If you've seen The Secret of NiMH, maybe you remember the scene when the tractor starts. "Aaaaaah!" screams Auntie Shrew. She rushes around, shrieking, "Run! It's Moving Day!" (If you haven't seen it or don't remember, well, then the image won't help you any. Sorry.)
Now I know why she shrieked and ran around in circles.
When lives hang in the balance over a move, it's something to shriek about. And rush. And so it was in alaHouse. That day was Moving Day for our aquarium.
When we originally set it up, we ordered the shorter stand. We wanted to still see that little window into the kitchen from the front room, and this was the only way to do it if the aquarium was to live against that wall. For almost two years, it's been fine.
Then the protein skimmer died. Wedged into the 30 gallon sump within the aquarium stand, there was no way to get it out. We tried replacing pieces, but it's old enough the parts were unavailable. The only way to replace it was to take the aquarium apart.
Since that is such a chore, we decided to replace the stand with a taller one. A much taller one, because if we were going to block that little window, we were going to cover it completely. That led to another question, because the lights in the canopy are so bright. What if the lights were visible from the kitchen? You're not supposed to look into those lights, and if they were there, right above the sink, how could you miss? We had plans to cover that space with stained glass or shelving or both, if that was the case.

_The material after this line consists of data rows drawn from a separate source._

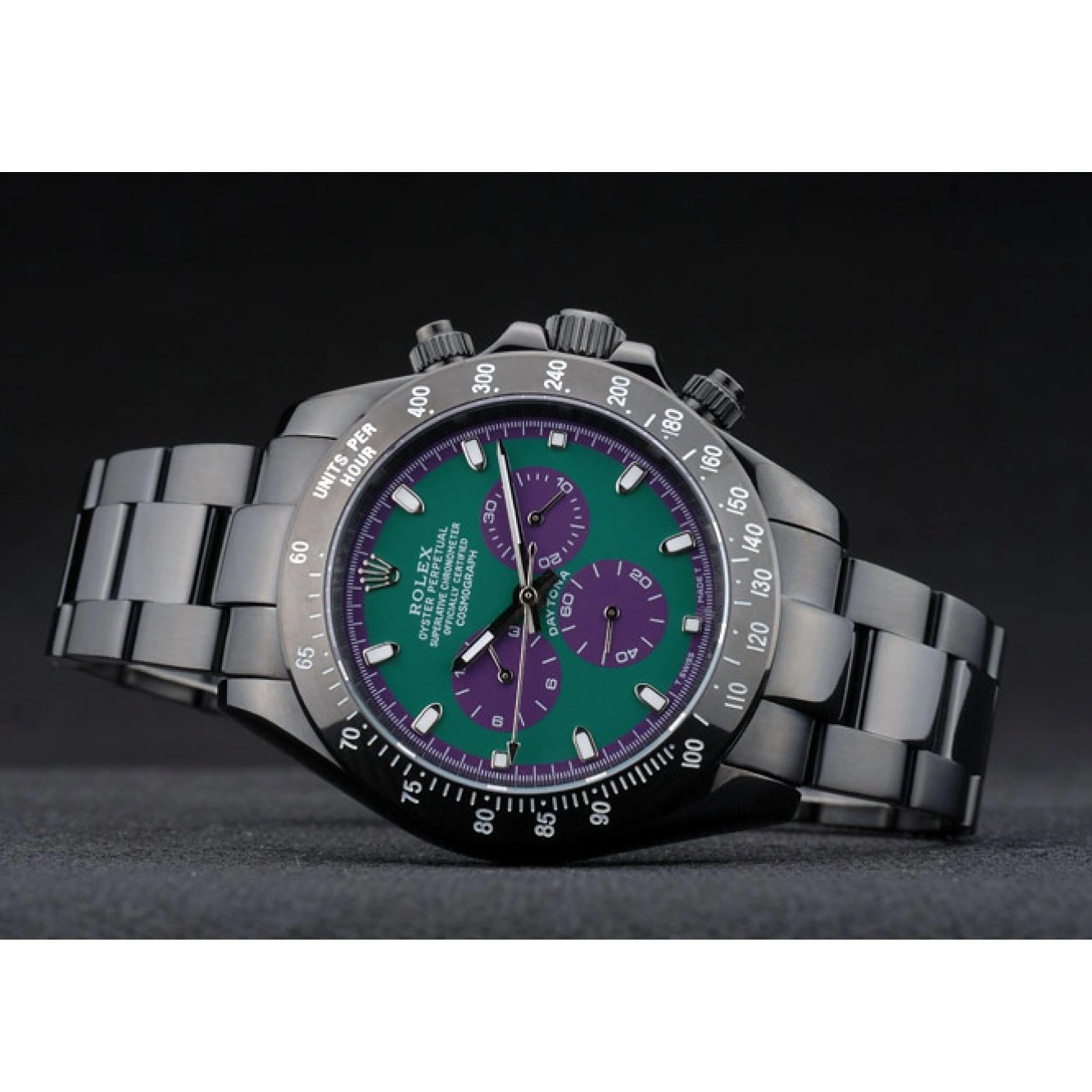 Aaa replica 80246 Rolex Daytona Green Plated Tachymeter Ion Strap Dial Stainless Steel Black Black 0529
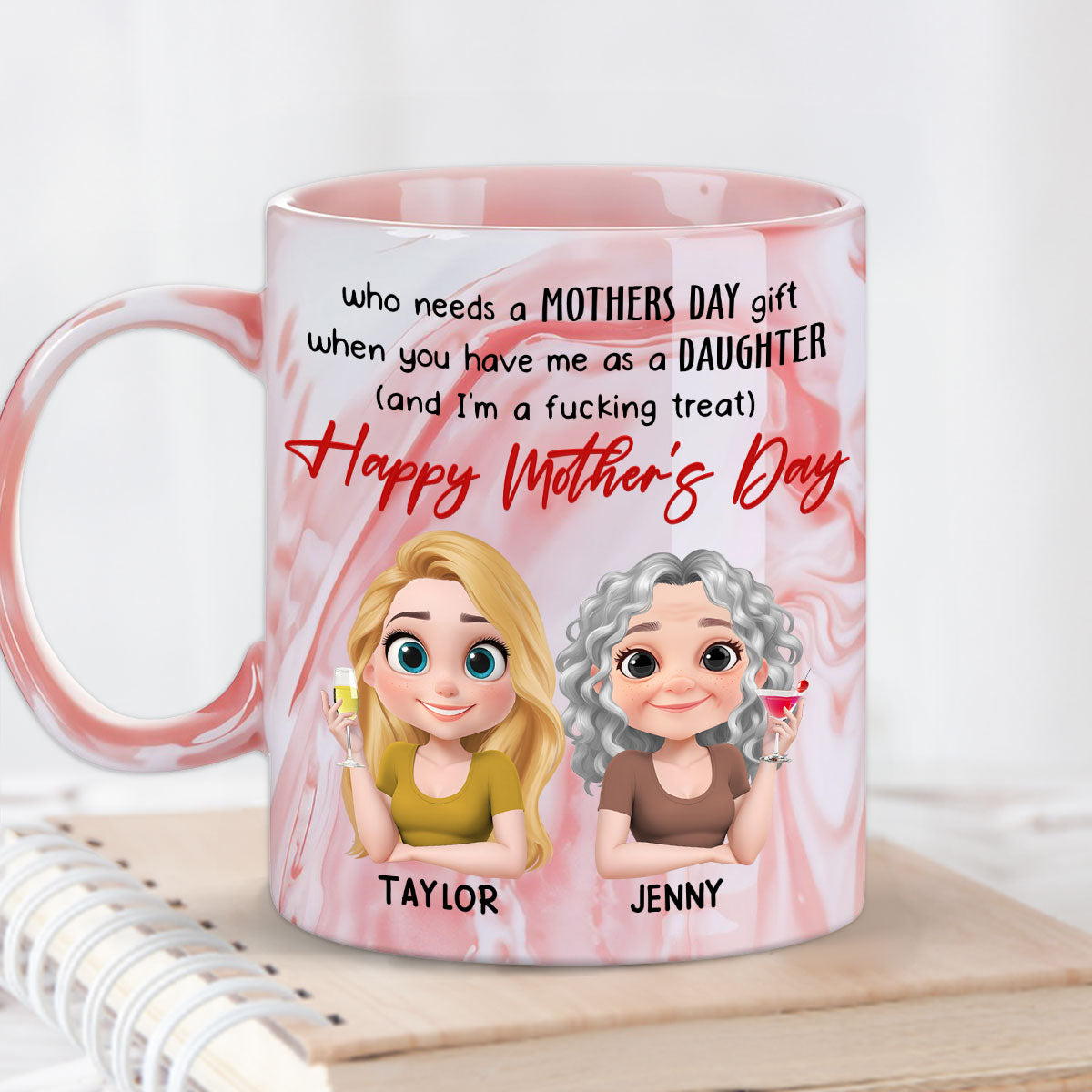 Flawless Child Zero Receipt Needed - Personalized Custom Pink Marble Mug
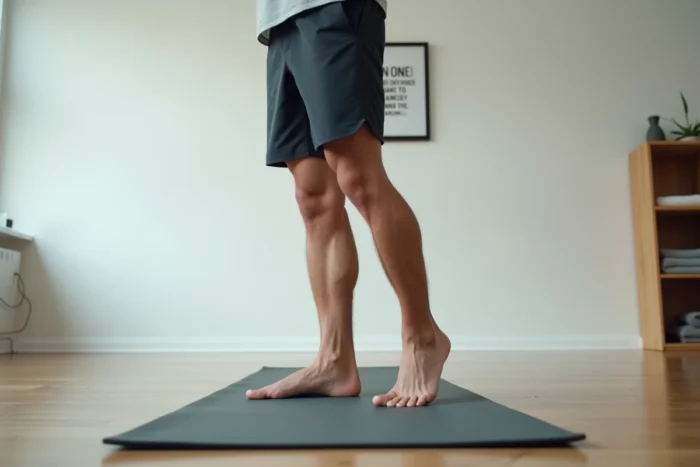 Homme âgé effectuant des exercices de relevé de pointes sur tapis de yoga pour améliorer la circulation sanguine des pieds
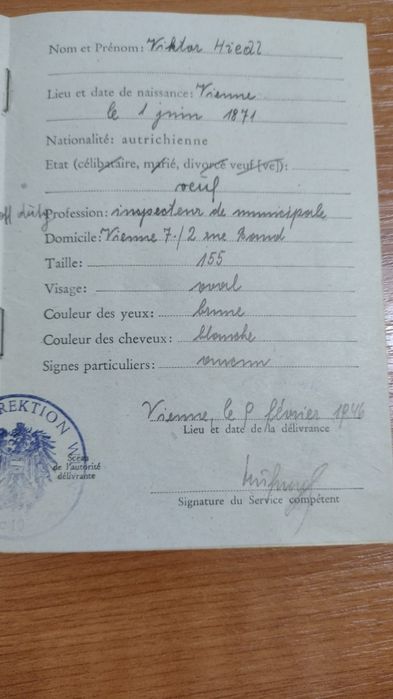 *Aussweis/Carte de identitate Viena 1946/ocupația rusească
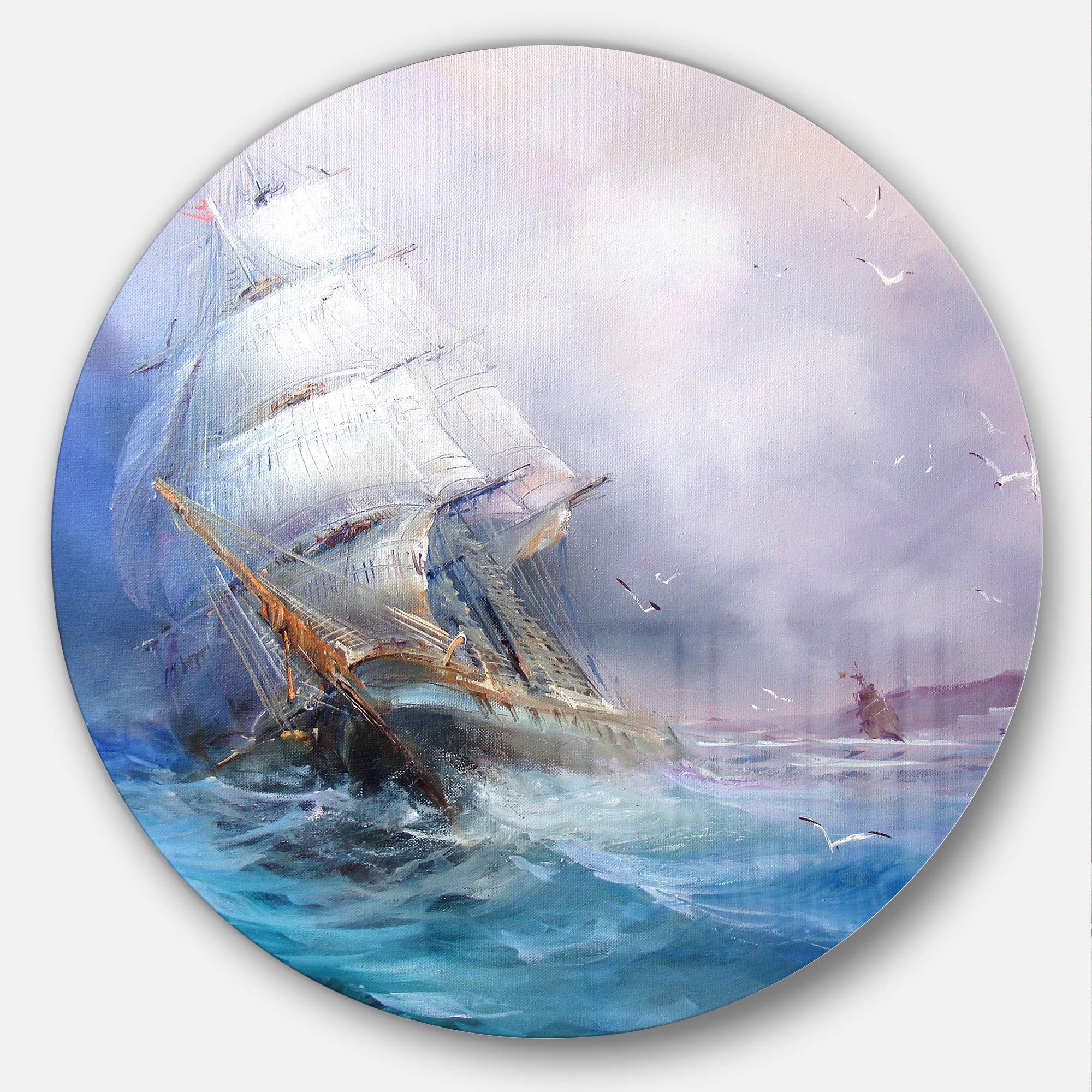 絵画 trip Designart Mt7622-C11 Sea Breeze-Seascape Painting Round-Disc of 11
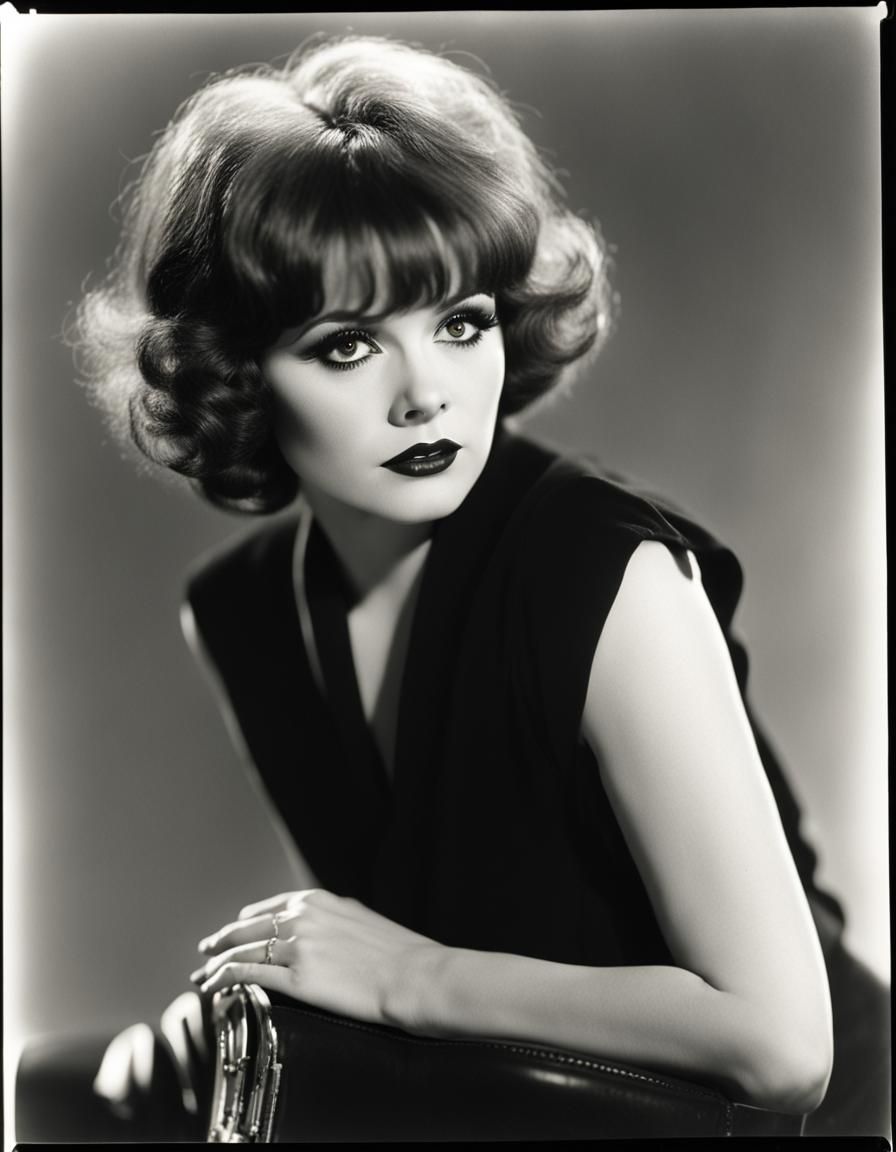 Clara Bow: Vintage Hollywood Portrait in Black and White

The guy that services my tank showed up around 9am. One of his co-workers (from the pet shop they work for) showed up just after 10am. The dismantle and setup process took the entire day; about twelve hours. They had estimated six, but they didn't realize the entire infrastructure had been glued. Most aquarium people use Teflon tape and threaded connections, but the guys who set up the aquarium originally used some kind of blue glue. On just about everything. So this time, the guys had to hacksaw the pieces apart and rebuild them. Not a quick process, since they were very careful with everything. They didn't want any damage, or any leaks.
I missed most of the disassembly due to a conference call. Before the phone rang, I watched Greg start taking things out. He had a garbage can for the fish, a garbage can for the rocks, a garbage can for the extra water. He had several kitty litter pans for the coral, the invertebrates and the fish that weren't going back in the tank, plus any extra things that came up. All of these items were new to avoid contamination. Sea life is delicate, and we wanted to avoid stressing them as much as possible. I only got to see the first few rocks moved. Then the call, and when that ended, all that was left in the tank were sand and water.
Though Greg looked carefully, he didn't find our mysterious clicker. (Something clicks in the tank, loudly, and I think whatever it is is responsible for many missing fish and shrimp. I was hoping we could catch it with this move.)
After the water was drained, the guys took things apart. While they were cleaning the tank out front, I cleaned the aquarium corner and wall. Things get dusty when you don't move them for a few years. Then the reassembly began, and I swept the floor about every half hour. The sand got into everything! The hardwood floor would not appreciate having the sand ground into it. (The guys probably think I'm a clean freak or something.)
Finally, the time came to put things back in. I was worried about the fish, who'd been in a garbage can all day, and had a momentary coronary when Greg listed the fish to his buddy. One was missing; my "Fraggle fish," the starry blenny. "What about the blenny?" I asked.
Greg looked at me blankly for a moment. "Was it in there?"
"As of last night," I replied. As one, we turned to look at the garbage can with the fish. Then at the garbage can with the rocks, which didn't have water in it, except for a very small amount in the bottom.
"I didn't see him," said Greg. "He probably hid in a rock."
My poor blenny! I watched the rocks go back in, hoping and dreading to find his poor dried body curled in a hole. We were also taking a second chance for finding the clicker thing. Each rock was picked up and inspected. All visible holes were checked. Drying sea life was removed (mostly pieces of sponge). No clicker. No blenny.
Then when we got down to the small fragment pieces of rock, there was the blenny, swimming around in the five inches or so of water in the bottom of the garbage can. Rescued! I won't ever know if he got lucky by having hid in one of the first rocks to be removed (and therefore in one that was in the water) or if he flopped out after removal to land in the water. It really doesn't matter; he made it!
We found no sign of any clicker thing.
So now it's days later and things have gotten clearer. The water, because we have a new working protein skimmer. The issues, because we also have a thumb-sized glue smear across the front of our tank. The guys say they can remove it, and I asked them if it could happen before our yearly party. We'll see. Other things have gotten clearer, too. The answers, because the view from the kitchen is fine. You cannot see the light bulbs, the aquarium puts a massive amount of light into the kitchen, and the back of the tank is black plexi, so the candles reflect in it wonderfully. And finally, the hearing, because the new chiller is a lot quieter and you can hold conversations in the living room again.
We still have some touch-up work to do, but overall Moving Day was a success. So far, I've not lost any coral or fish, except for the ones I sent away. I've not heard the clicker thing. Everything's still a bit grey, but I think it'll be fine. In a week or so I can start adding things again.